> **Try it**
The complete listing below should be transcribed precisely.

> **Exercise materials**
.....

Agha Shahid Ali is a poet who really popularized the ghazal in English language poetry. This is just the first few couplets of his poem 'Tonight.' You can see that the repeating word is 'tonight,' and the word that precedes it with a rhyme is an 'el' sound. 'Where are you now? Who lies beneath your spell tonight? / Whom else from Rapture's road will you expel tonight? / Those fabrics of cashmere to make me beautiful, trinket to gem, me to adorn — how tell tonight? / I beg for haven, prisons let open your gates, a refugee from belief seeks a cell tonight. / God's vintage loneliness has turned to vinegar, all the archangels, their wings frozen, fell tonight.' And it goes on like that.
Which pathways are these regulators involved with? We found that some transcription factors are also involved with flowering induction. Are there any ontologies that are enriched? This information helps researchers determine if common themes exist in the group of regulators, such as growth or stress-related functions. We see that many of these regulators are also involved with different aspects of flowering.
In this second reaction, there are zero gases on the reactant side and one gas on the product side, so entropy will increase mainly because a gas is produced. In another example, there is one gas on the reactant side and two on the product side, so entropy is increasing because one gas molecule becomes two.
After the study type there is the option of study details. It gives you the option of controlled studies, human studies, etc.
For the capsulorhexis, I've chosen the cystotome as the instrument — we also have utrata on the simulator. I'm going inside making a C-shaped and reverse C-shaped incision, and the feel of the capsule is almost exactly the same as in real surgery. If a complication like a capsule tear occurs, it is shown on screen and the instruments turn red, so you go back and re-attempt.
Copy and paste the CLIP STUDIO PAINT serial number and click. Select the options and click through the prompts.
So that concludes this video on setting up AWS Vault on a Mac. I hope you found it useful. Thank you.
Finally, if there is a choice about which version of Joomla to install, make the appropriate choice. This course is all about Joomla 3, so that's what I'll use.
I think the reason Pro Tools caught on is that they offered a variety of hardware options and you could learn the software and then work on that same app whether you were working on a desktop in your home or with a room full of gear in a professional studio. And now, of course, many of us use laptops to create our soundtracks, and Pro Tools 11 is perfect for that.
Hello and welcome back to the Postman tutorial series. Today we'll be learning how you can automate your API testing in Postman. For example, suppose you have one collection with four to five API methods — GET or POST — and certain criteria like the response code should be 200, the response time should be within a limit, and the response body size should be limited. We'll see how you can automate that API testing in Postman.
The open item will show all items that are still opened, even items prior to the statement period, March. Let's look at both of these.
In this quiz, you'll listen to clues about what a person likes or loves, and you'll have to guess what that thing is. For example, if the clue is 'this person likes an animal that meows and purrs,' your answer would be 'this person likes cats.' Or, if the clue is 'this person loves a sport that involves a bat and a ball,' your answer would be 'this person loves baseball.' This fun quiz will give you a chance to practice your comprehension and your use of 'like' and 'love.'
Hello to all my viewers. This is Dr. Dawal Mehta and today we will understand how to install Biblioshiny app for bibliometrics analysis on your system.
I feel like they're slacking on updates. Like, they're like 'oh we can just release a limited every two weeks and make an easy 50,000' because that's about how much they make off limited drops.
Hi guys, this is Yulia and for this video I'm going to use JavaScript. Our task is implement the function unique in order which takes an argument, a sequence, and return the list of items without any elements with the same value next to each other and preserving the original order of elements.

.....

> **Answer for the task**
Agha Shahid Ali is a poet who really popularized the ghazal in English language poetry. This is just the first few couplets of his poem 'Tonight.' You can see that the repeating word is 'tonight,' and the word that precedes it with a rhyme is an 'el' sound. 'Where are you now? Who lies beneath your spell tonight? / Whom else from Rapture's road will you expel tonight? / Those fabrics of cashmere to make me beautiful, trinket to gem, me to adorn — how tell tonight? / I beg for haven, prisons let open your gates, a refugee from belief seeks a cell tonight. / God's vintage loneliness has turned to vinegar, all the archangels, their wings frozen, fell tonight.' And it goes on like that.
Which pathways are these regulators involved with? We found that some transcription factors are also involved with flowering induction. Are there any ontologies that are enriched? This information helps researchers determine if common themes exist in the group of regulators, such as growth or stress-related functions. We see that many of these regulators are also involved with different aspects of flowering.
In this second reaction, there are zero gases on the reactant side and one gas on the product side, so entropy will increase mainly because a gas is produced. In another example, there is one gas on the reactant side and two on the product side, so entropy is increasing because one gas molecule becomes two.
After the study type there is the option of study details. It gives you the option of controlled studies, human studies, etc.
For the capsulorhexis, I've chosen the cystotome as the instrument — we also have utrata on the simulator. I'm going inside making a C-shaped and reverse C-shaped incision, and the feel of the capsule is almost exactly the same as in real surgery. If a complication like a capsule tear occurs, it is shown on screen and the instruments turn red, so you go back and re-attempt.
Copy and paste the CLIP STUDIO PAINT serial number and click. Select the options and click through the prompts.
So that concludes this video on setting up AWS Vault on a Mac. I hope you found it useful. Thank you.
Finally, if there is a choice about which version of Joomla to install, make the appropriate choice. This course is all about Joomla 3, so that's what I'll use.
I think the reason Pro Tools caught on is that they offered a variety of hardware options and you could learn the software and then work on that same app whether you were working on a desktop in your home or with a room full of gear in a professional studio. And now, of course, many of us use laptops to create our soundtracks, and Pro Tools 11 is perfect for that.
Hello and welcome back to the Postman tutorial series. Today we'll be learning how you can automate your API testing in Postman. For example, suppose you have one collection with four to five API methods — GET or POST — and certain criteria like the response code should be 200, the response time should be within a limit, and the response body size should be limited. We'll see how you can automate that API testing in Postman.
The open item will show all items that are still opened, even items prior to the statement period, March. Let's look at both of these.
In this quiz, you'll listen to clues about what a person likes or loves, and you'll have to guess what that thing is. For example, if the clue is 'this person likes an animal that meows and purrs,' your answer would be 'this person likes cats.' Or, if the clue is 'this person loves a sport that involves a bat and a ball,' your answer would be 'this person loves baseball.' This fun quiz will give you a chance to practice your comprehension and your use of 'like' and 'love.'
Hello to all my viewers. This is Dr. Dawal Mehta and today we will understand how to install Biblioshiny app for bibliometrics analysis on your system.
I feel like they're slacking on updates. Like, they're like 'oh we can just release a limited every two weeks and make an easy 50,000' because that's about how much they make off limited drops.
Hi guys, this is Yulia and for this video I'm going to use JavaScript. Our task is implement the function unique in order which takes an argument, a sequence, and return the list of items without any elements with the same value next to each other and preserving the original order of elements.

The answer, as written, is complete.